#### Task description:
Repeat exactly the lines below from the line that contains "TV a/nebo společenská" to the last line, inclusive, without the pictures.

#### Records provided:
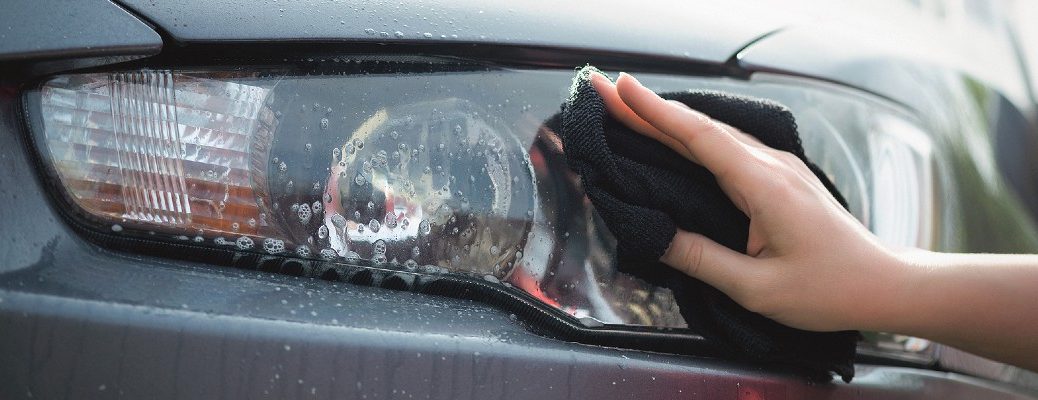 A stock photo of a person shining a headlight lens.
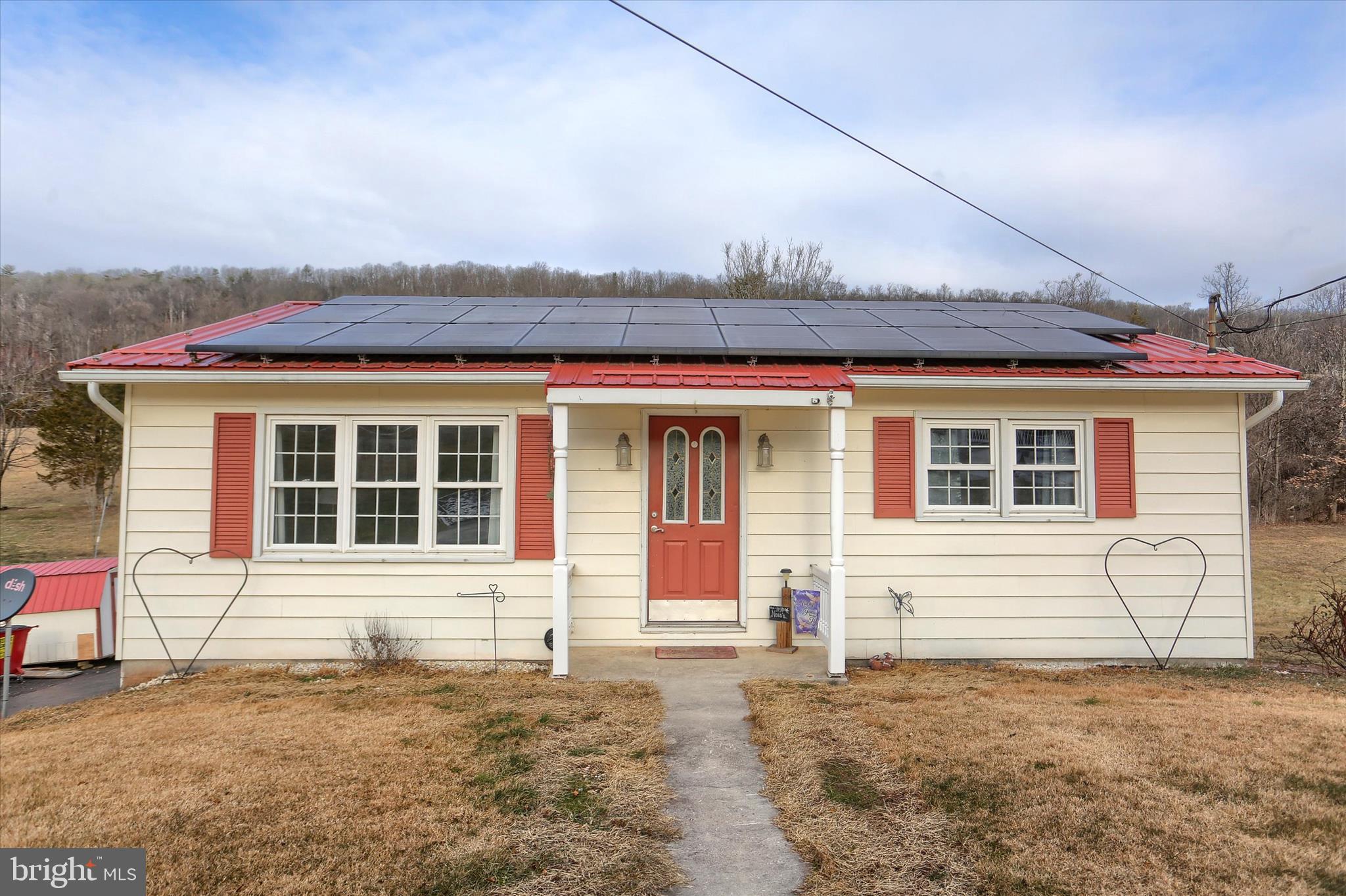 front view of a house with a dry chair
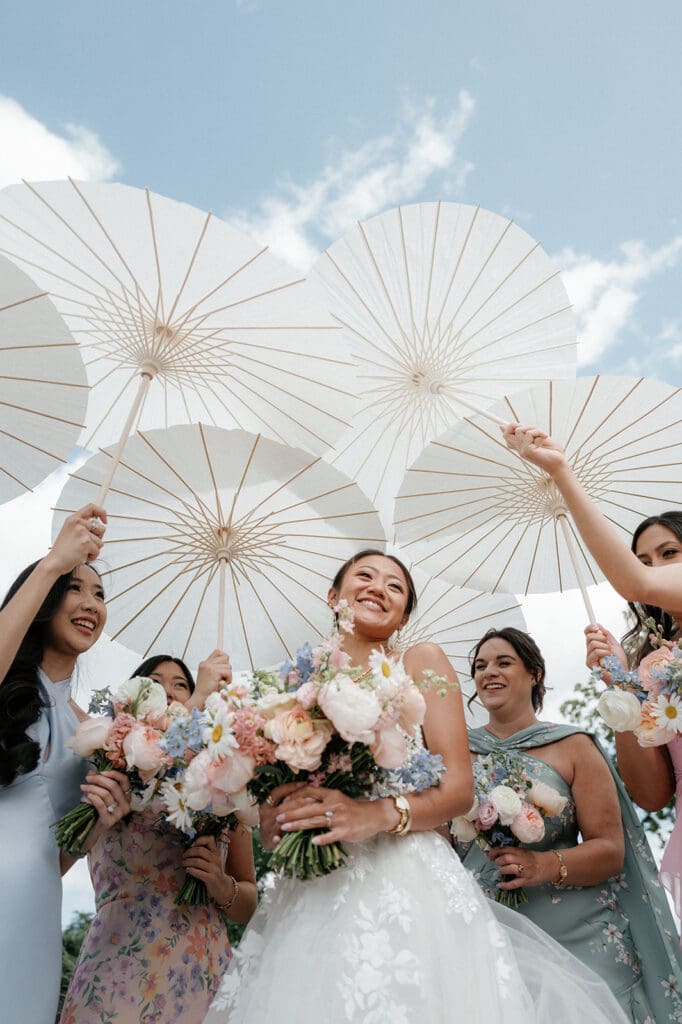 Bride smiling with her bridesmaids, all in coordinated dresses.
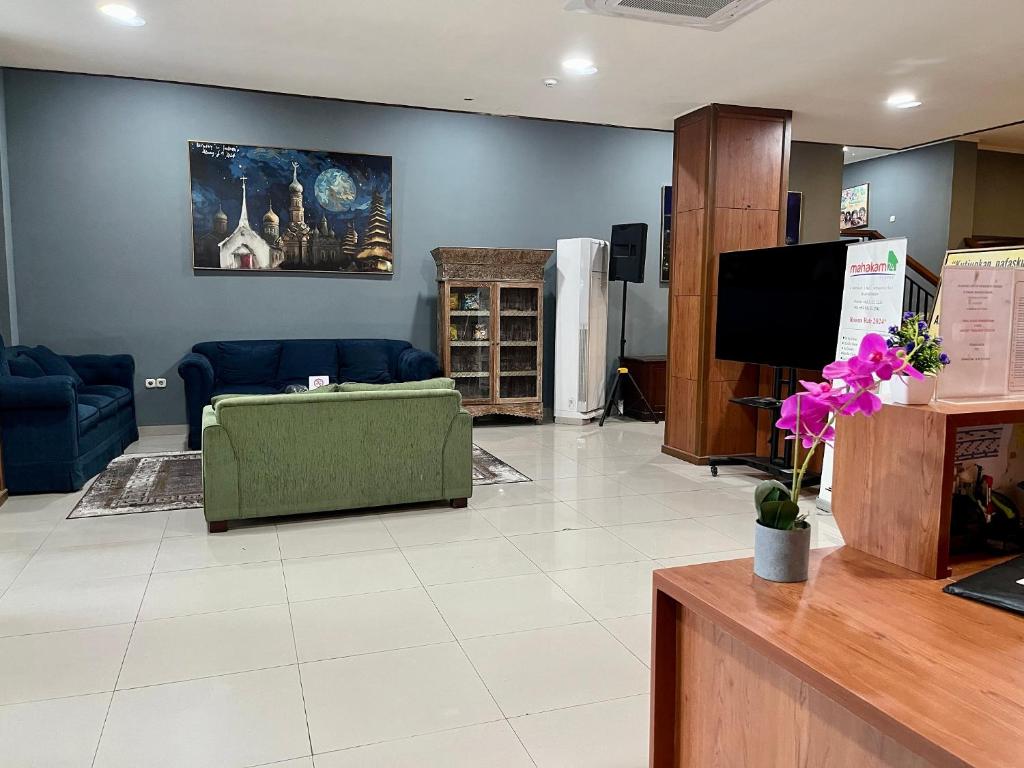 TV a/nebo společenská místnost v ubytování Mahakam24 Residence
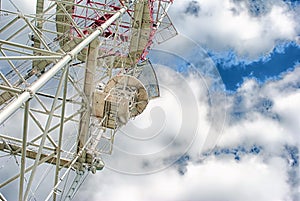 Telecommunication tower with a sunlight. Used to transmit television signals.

#### Task output:
 TV a/nebo společenská místnost v ubytování Mahakam24 Residence
 Telecommunication tower with a sunlight. Used to transmit television signals.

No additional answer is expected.